By Karen Brainard
Bureaucratic hurdles have stalled efforts by the Ramona sheriff's station to clean up the Santa Maria Creek bottom, even as it continues to arrest criminals living and hoarding items among the bed's vegetation.
Lt. Hank Turner of the Ramona station updated the Ramona Community Planning Group, a creek cleanup advocate, on the project during the planners' Aug. 7 meeting.
Turner said the sheriff's station is having issues with some of those living in the creek bed where "there is an immense amount of trash and debris, garbage, junk, whatever you want to call it.

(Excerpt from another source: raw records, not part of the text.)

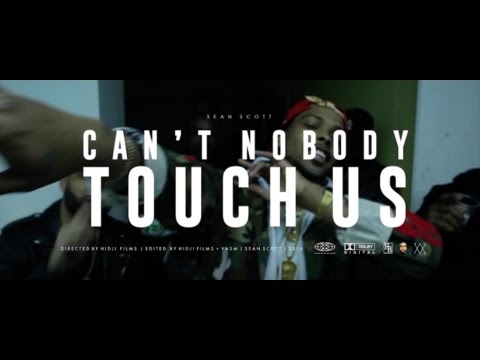 Sean Scott - Can't Nobody Touch Us (Prod. By 12 Keyz) (Official Music Video)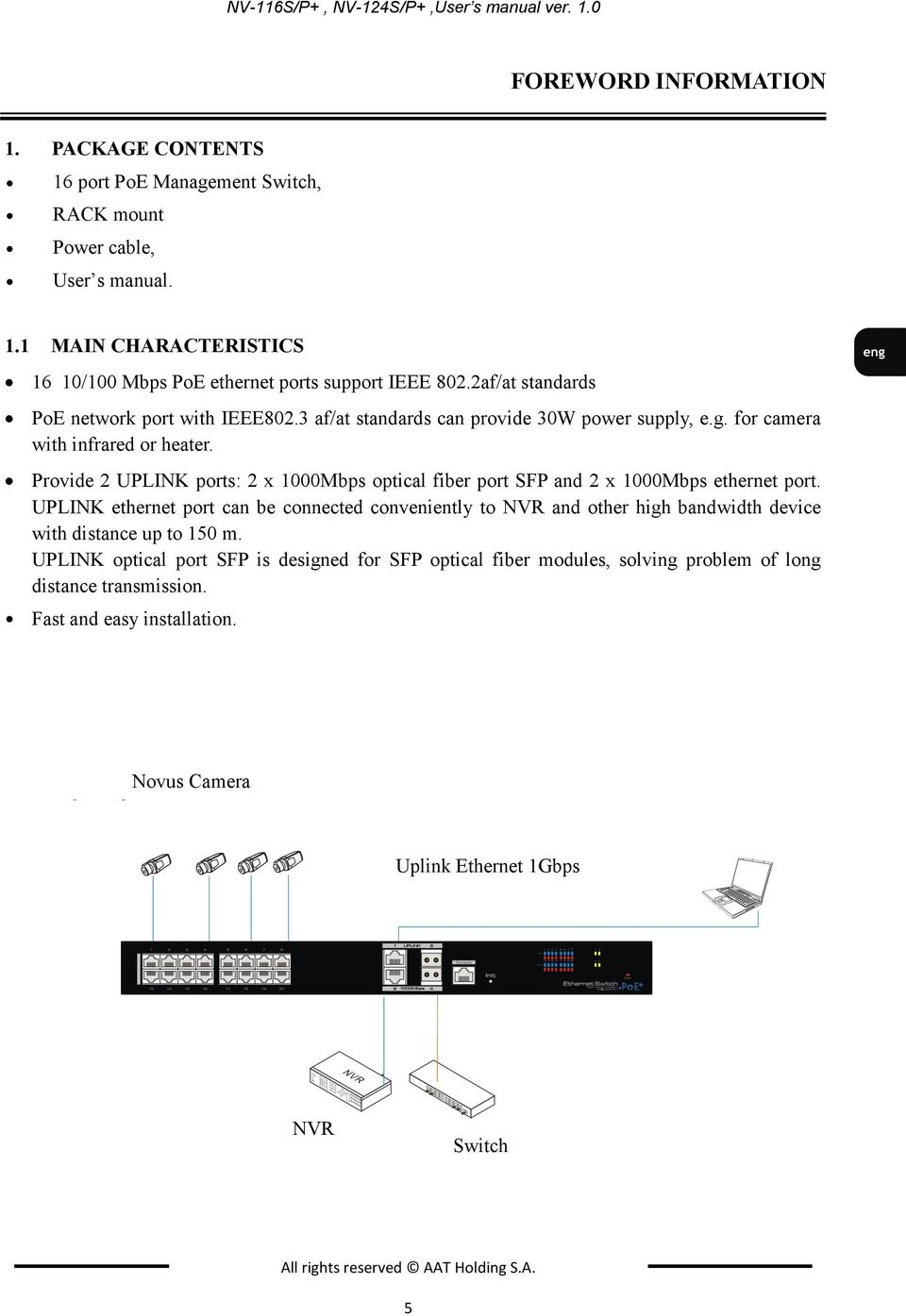 Provide 2 UPLINK ports: 2 x 1000Mbps optical fiber port SFP and 2 x 1000Mbps ethernet port.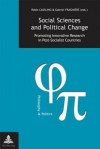 Social Sciences and Political Change: Promoting Innovative Research in Post-Socialist Countries - Robin Cassling, Gabriel Fragniere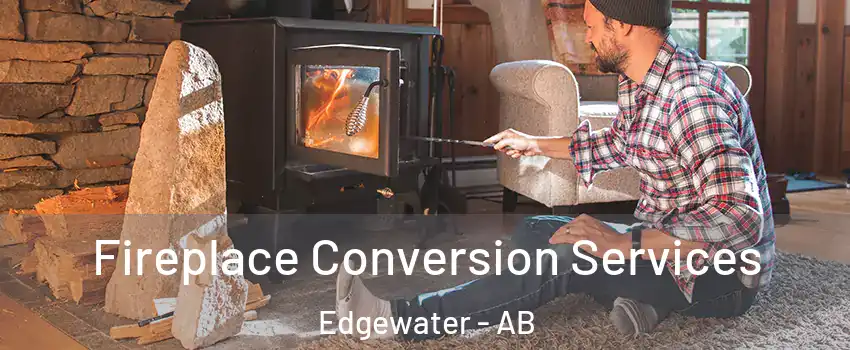  Fireplace Conversion Services Edgewater - AB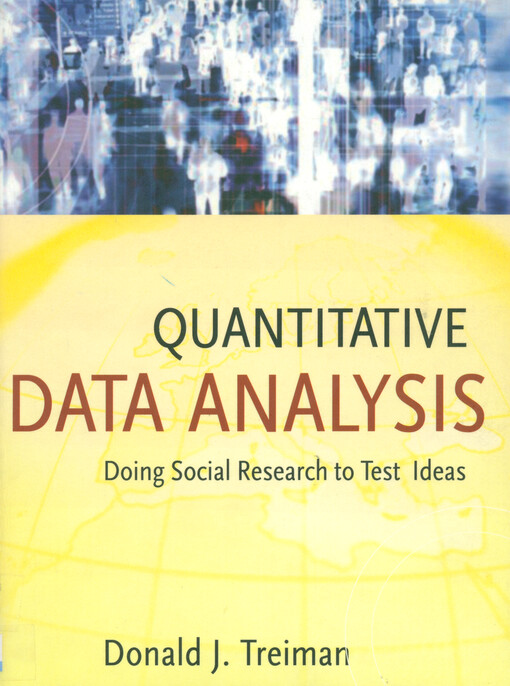Quantitative data analysis : doing social research to test ideas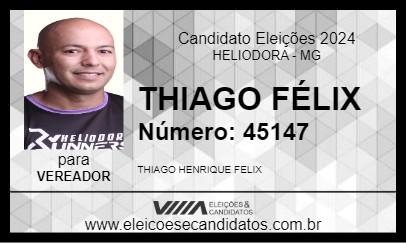 Candidato THIAGO FÉLIX 2024 - HELIODORA - Eleições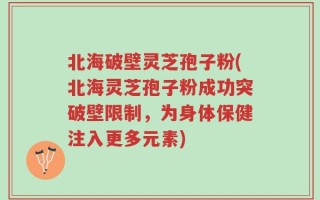 北海破壁灵芝孢子粉(北海灵芝孢子粉成功突破壁限制，为身体保健注入更多元素)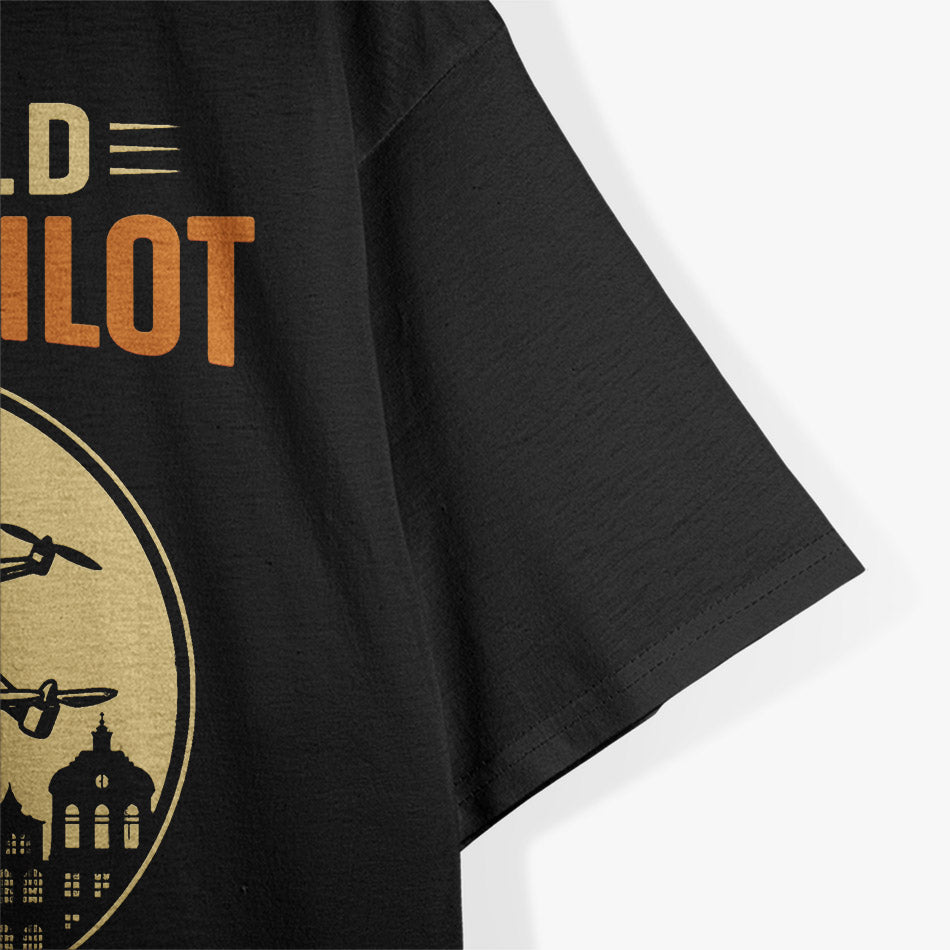 Bad Old Drone Pilot: Still Flying High T-Shirt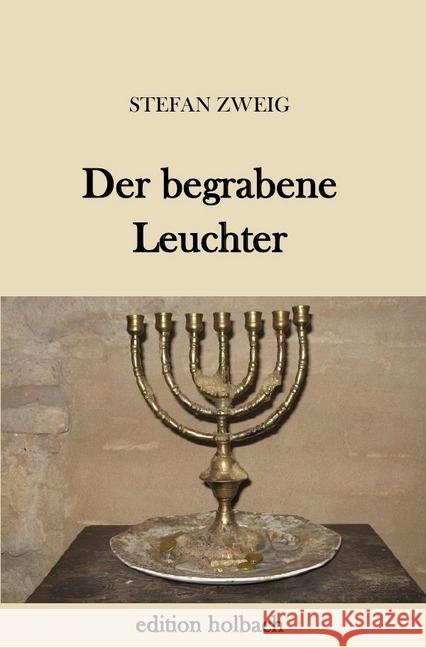 Der begrabene Leuchter Zweig, Stefan 9783745079807 epubli - książka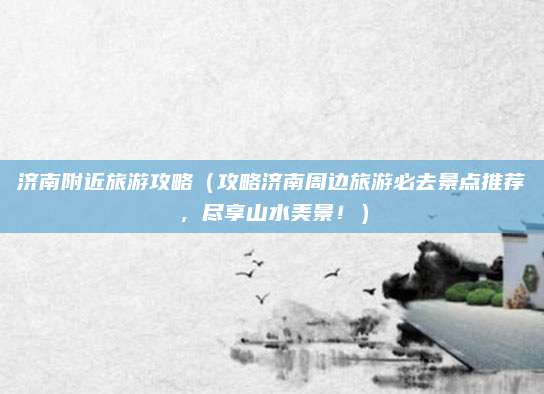 济南附近旅游攻略（攻略济南周边旅游必去景点推荐，尽享山水美景！）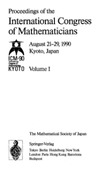 Satake I.  Proceedings of the International Congress of Mathematicians, August 21-29, 1990, Kyoto, Japan (International Congress of Mathematicians  Proceedings). Volume 1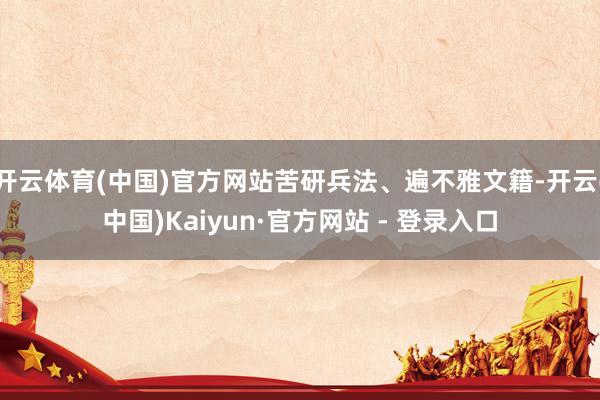 开云体育(中国)官方网站苦研兵法、遍不雅文籍-开云(中国)Kaiyun·官方网站 - 登录入口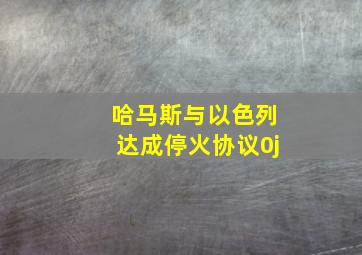 哈马斯与以色列达成停火协议0j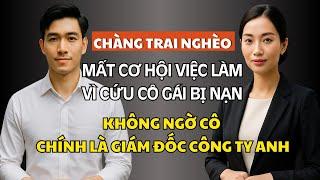 Chàng Trai Nghèo Mất Việc Làm Vì Cứu Cô Gái Bị Nạn, Không Ngờ Cô Chính LÀ CEO Công Ty Anh Xin Việc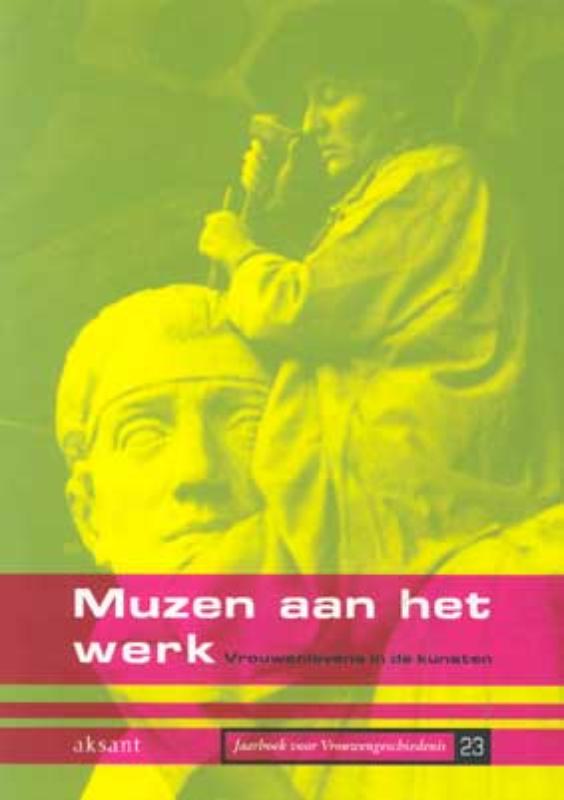 Muzen aan het werk / Jaarboek voor vrouwengeschiedenis / 23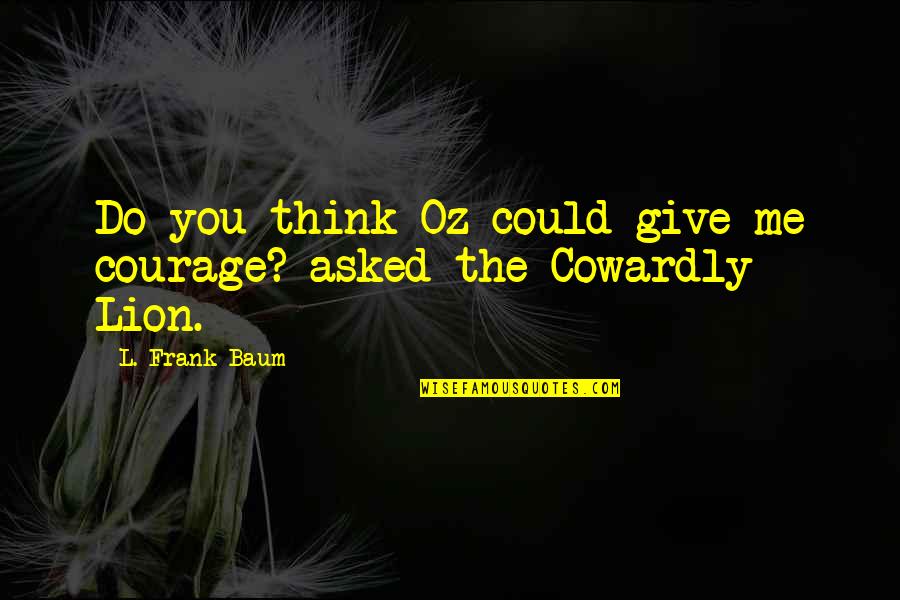 Braconier Mechanical Quotes By L. Frank Baum: Do you think Oz could give me courage? Braconier Mechanical Quotes By L. Frank Baum: Do you think Oz could give me courage?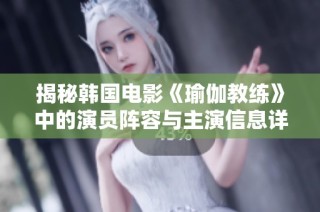 揭秘韩国电影《瑜伽教练》中的演员阵容与主演信息详解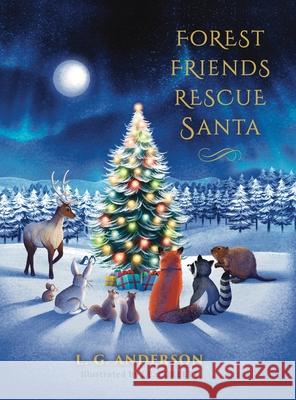 Forest Friends Rescue Santa L. G. Anderson J. K. Kobylko J. E. Corbett 9781039190207 FriesenPress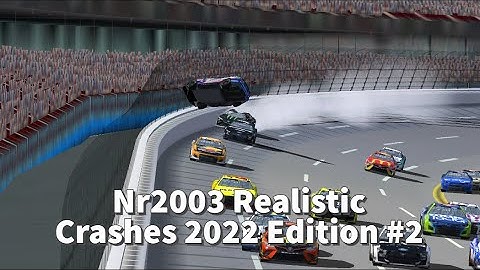 Nr2003 Realistic Crashes 2022 Edition #2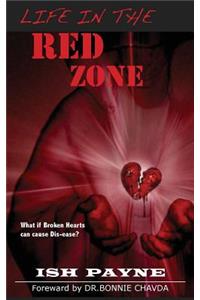 Life in the RED Zone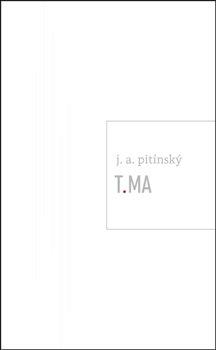 Kniha: T.MA - Pitínsky, J.A.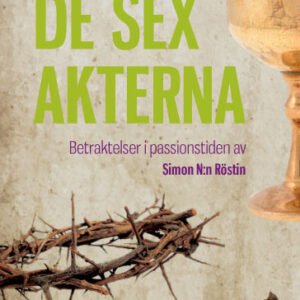 E-BOK - DE SEX AKTERNA - betraktelser i passionstid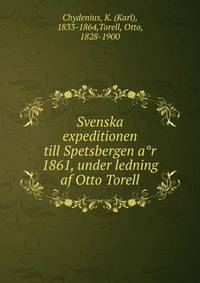 Svenska expeditionen till Spetsbergen a?r 1861, under ledning af Otto Torell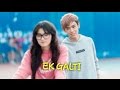 Ek Galti song with love warning official video..........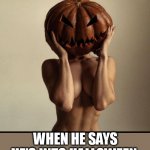 When he says he's into Halloween | WHEN HE SAYS HE'S INTO HALLOWEEN. | image tagged in pumpkin,funny,weird,woman,halloween | made w/ Imgflip meme maker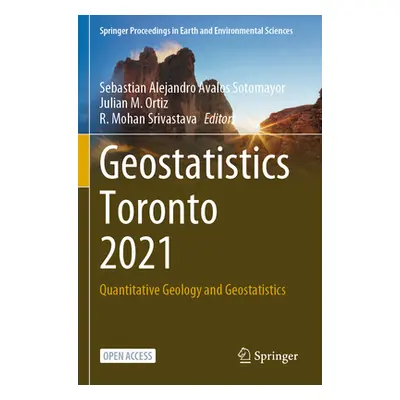 "Geostatistics Toronto 2021: Quantitative Geology and Geostatistics" - "" ("Avalos Sotomayor Seb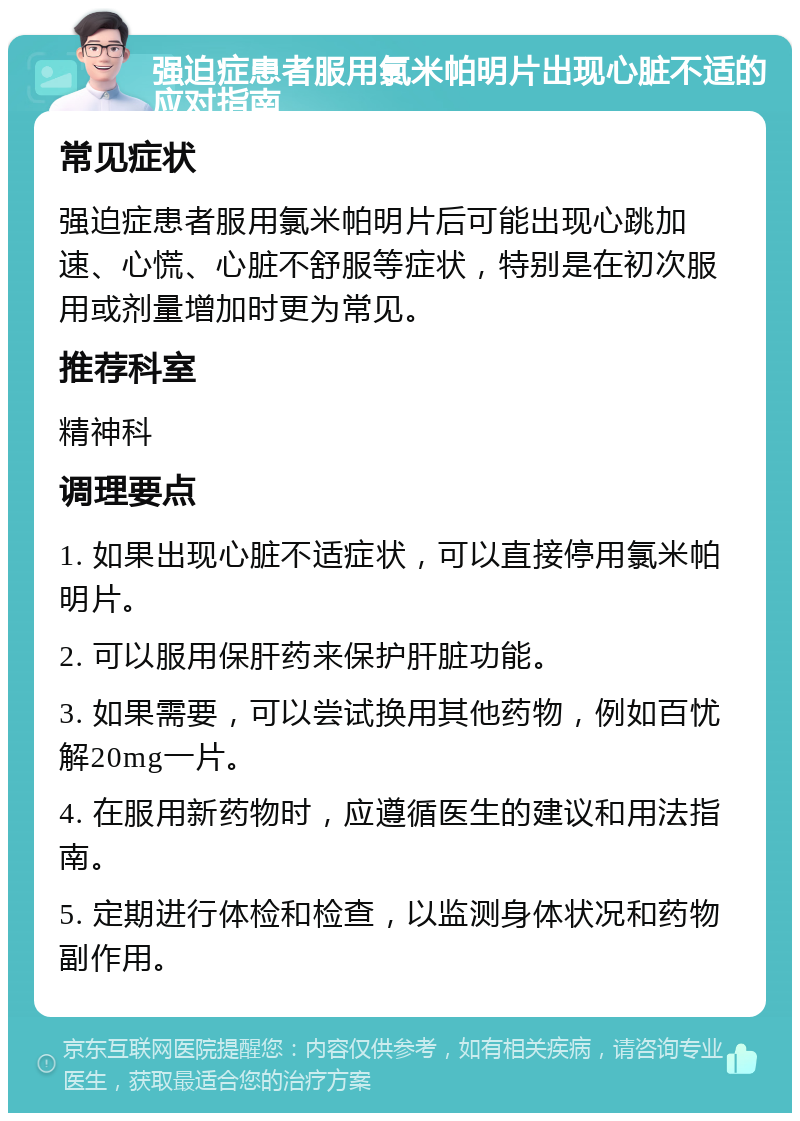 强迫症患者服用氯米帕明片出现心脏不适的应对指南 常见症状 强迫症患者服用氯米帕明片后可能出现心跳加速、心慌、心脏不舒服等症状，特别是在初次服用或剂量增加时更为常见。 推荐科室 精神科 调理要点 1. 如果出现心脏不适症状，可以直接停用氯米帕明片。 2. 可以服用保肝药来保护肝脏功能。 3. 如果需要，可以尝试换用其他药物，例如百忧解20mg一片。 4. 在服用新药物时，应遵循医生的建议和用法指南。 5. 定期进行体检和检查，以监测身体状况和药物副作用。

Basically hoarder, pack-rat type of things down there."
On July 10 deputies arrested a man who was living there and basically trafficking stolen property, said Turner.
"Things would be stolen from residences in the downtown area, they would bring them to him, he would trade them for drugs," said the lieutenant. The man was arrested for possession of stolen property and a couple of burglaries, he added.
Among stolen items recovered were clothing, a bicycle, a lap top, a tablet computer, and sunglasses.
According to Turner, the creek bed is the continual prime issue that his station has identified in the downtown area.
However, government environmental groups are concerned about endangered species in the creek bed, he noted.
"There are groups in the government that do not want us to even go down there," said Turner. He said his department points out that there are people who on a regular basis do more damage to the habitat than the sheriff's department ever would.
Turner said he has been in contact with county Supervisor Dianne Jacob's office to receive help on obtaining approval from the government agencies and avoid any possibility of fines.
"We just need to get approval to allow us to go in there," he said.
Another hurdle in the deputies' cleanup efforts is that some parts of the creek bed are on private property and the county will not let them proceed because of liability, said Turner.
"We'll definitely get it done," he said, adding that it may take a while.
The lieutenant said volunteers in the community have offered to help.